The whole listing below, with no pictures, is to be repeated as it stands.
Data section: Begin
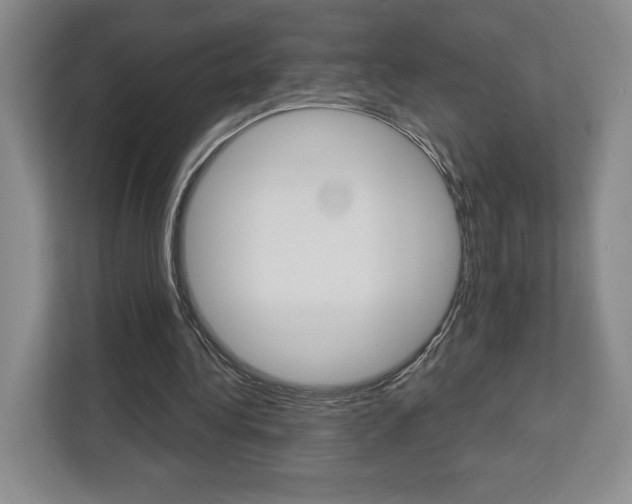 X0000113080340200908280951
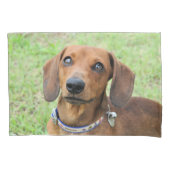 Dachshund Kussensloop (Voorkant)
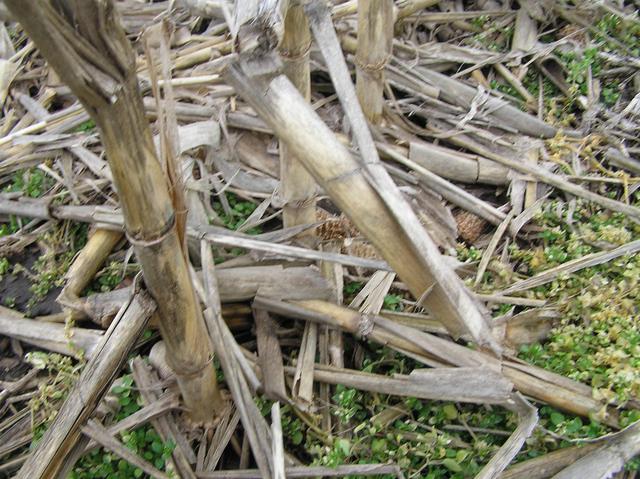 Can't Get Indiana Off My Mind:  Ground cover at the confluence:  Corn.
Data section: End
> [Task solution]
 X0000113080340200908280951
 Dachshund Kussensloop (Voorkant)
 Can't Get Indiana Off My Mind:  Ground cover at the confluence:  Corn.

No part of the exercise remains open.